In [1]:
import os
import re
import json
import glob
from collections import defaultdict
from functools import partial

import numpy as np 
import pandas as pd 
import matplotlib.pyplot as plt 
#from tqdm.autonotebook import tqdm

import nltk
import string
from fuzzywuzzy import fuzz

from model import longest_consecutive_caps as LCC
from model import KMP
# from model.model import longest_consecutive_caps as LCC
#from model.model import KMP


# Spacy model
import spacy
#from __future__ import unicode_literals, print_function
#import plac
import random
from pathlib import Path
from tqdm import tqdm
from spacy.training.example import Example


output_dir="output/"
model = None 
#model = "specified" # specified for transformer + ner only
n_iter = 10 # number of training iteration



In [2]:
#!python -m spacy download en_core_web_trf

In [3]:
train_df = pd.read_csv("dataset/train.csv")
sample_sub = pd.read_csv('dataset/sample_submission.csv')
train_fp = "dataset/train/"
test_fp = "dataset/test/"

# train_df = pd.read_csv("/kaggle/input/coleridgeinitiative-show-us-the-data/train.csv")
# sample_sub = pd.read_csv('/kaggle/input/coleridgeinitiative-show-us-the-data/sample_submission.csv')
# train_fp = "/kaggle/input/coleridgeinitiative-show-us-the-data/train/"
# test_fp = "/kaggle/input/coleridgeinitiative-show-us-the-data/test/"

In [4]:
#train_df.head(5)

In [5]:
#train_df.info()

In [6]:
def read_append_return(filename, train_files_path=train_fp, output='text'):
    """
    Function to read json file and then return the text data from them and append to the dataframe
    """
    json_path = os.path.join(train_files_path, (filename+'.json'))
    headings = []
    contents = []
    combined = []
    with open(json_path, 'r') as f:
        json_decode = json.load(f)
        for data in json_decode:
            headings.append(data.get('section_title'))
            contents.append(data.get('text'))
            combined.append(data.get('section_title'))
            combined.append(data.get('text'))
    
    all_headings = ' '.join(headings)
    all_contents = ' '.join(contents)
    all_data = '. '.join(combined)
    
    if output == 'text':
        return all_contents
    elif output == 'head':
        return all_headings
    else:
        return all_data

In [7]:
%%time
tqdm.pandas()   #tqdm is used to show any code running with a progress bar. 
train_df['text'] = train_df['Id'].progress_apply(read_append_return)

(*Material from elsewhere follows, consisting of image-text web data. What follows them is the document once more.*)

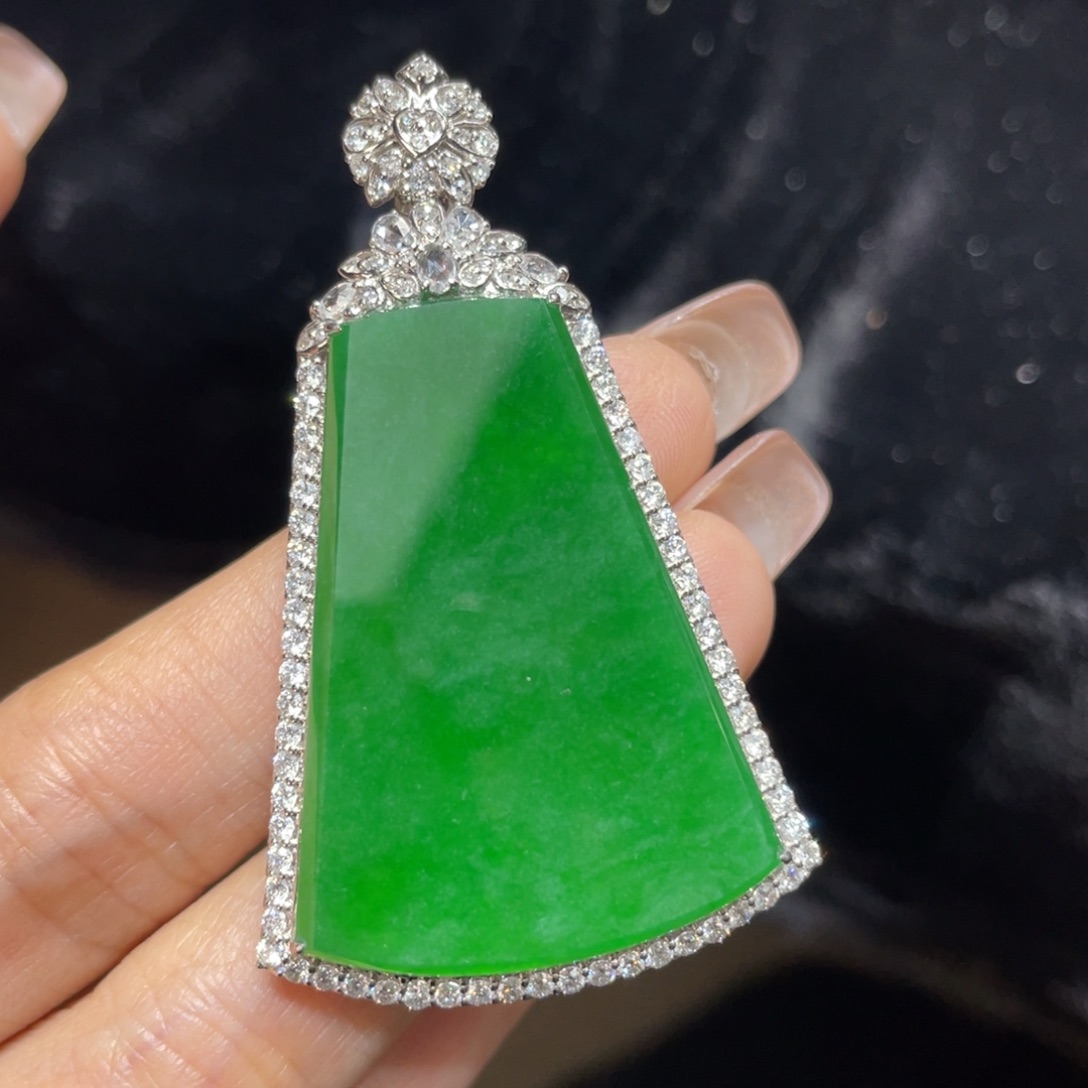 翡翠颈饰18K金镶嵌天然缅甸翡翠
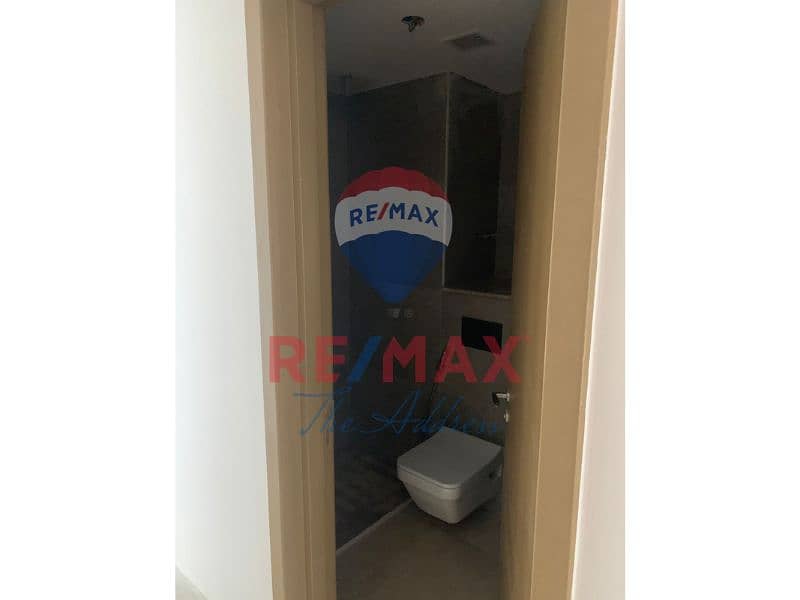 9 c4b30867-4a9c-4ab4-ab51-63c03d407323. jpg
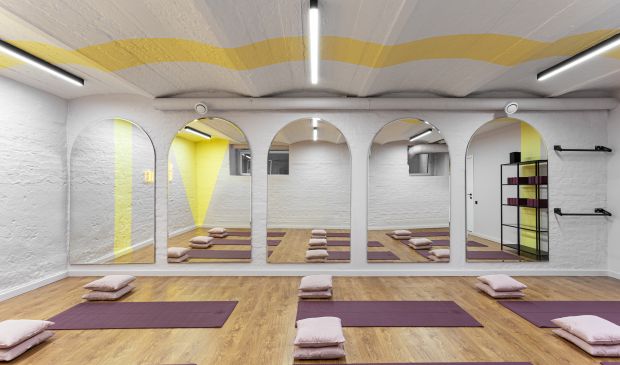 Фотография Зал для йоги 30 кв.м. P17Place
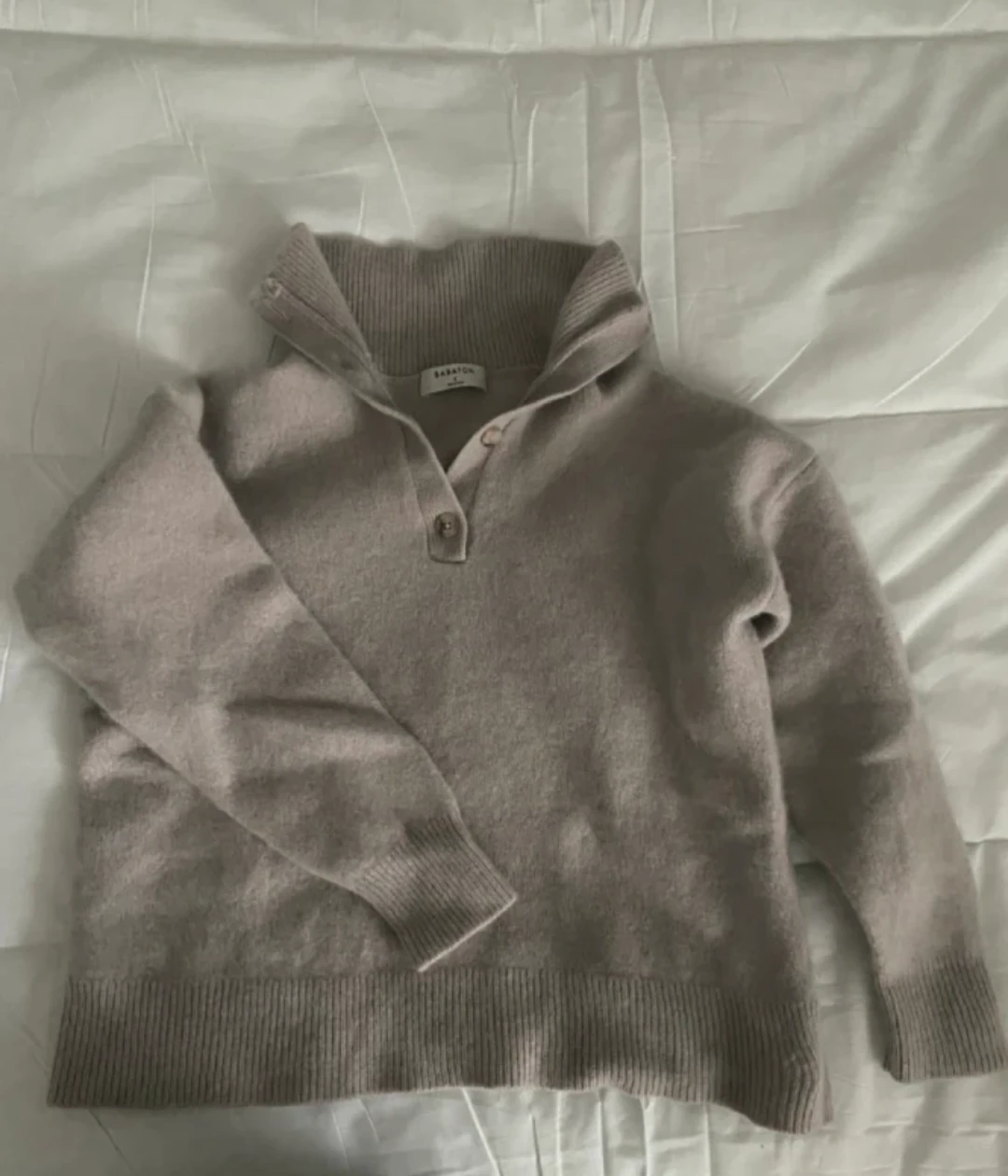 100% Cashmere wool Aritzia Sweater - Size S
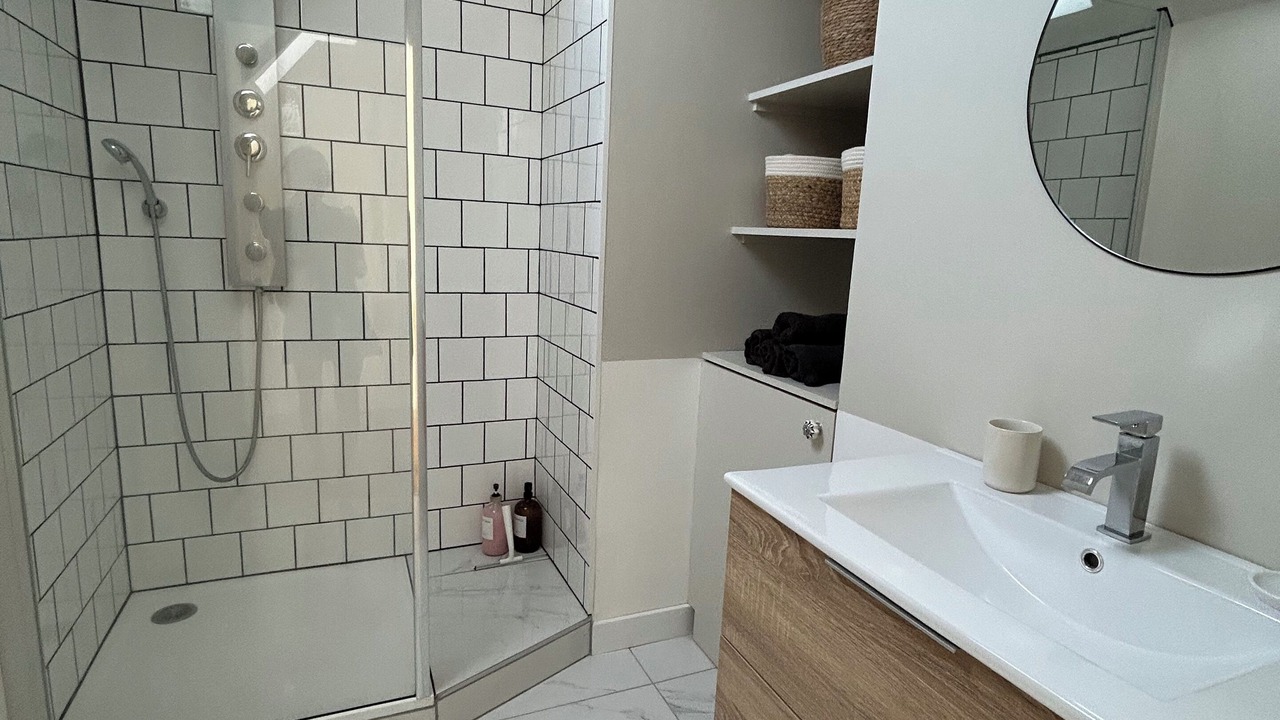 Photo of Others in Saint-Carne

  from pandas import Panel
100%|██████████| 19661/19661 [00:05<00:00, 3810.47it/s]

CPU times: user 4.34 s, sys: 845 ms, total: 5.18 s
Wall time: 5.17 s





In [8]:
def text_cleaning(text):
    '''
    Converts all text to lower case, Removes special charecters, emojis and multiple spaces
    text - Sentence that needs to be cleaned
    '''
    text = re.sub(' +', ' ', str(text).lower()).strip()
    #text = ''.join([k for k in text if k not in string.punctuation])
    #text = re.sub('[^A-Za-z0-9\(\)]+', ' ', str(text).lower()).strip()
#     text = re.sub("/'+/g", ' ', text)
    return text

In [9]:
%%time
tqdm.pandas()
train_df['text'] = train_df['text'].progress_apply(text_cleaning)

100%|██████████| 19661/19661 [00:57<00:00, 339.88it/s]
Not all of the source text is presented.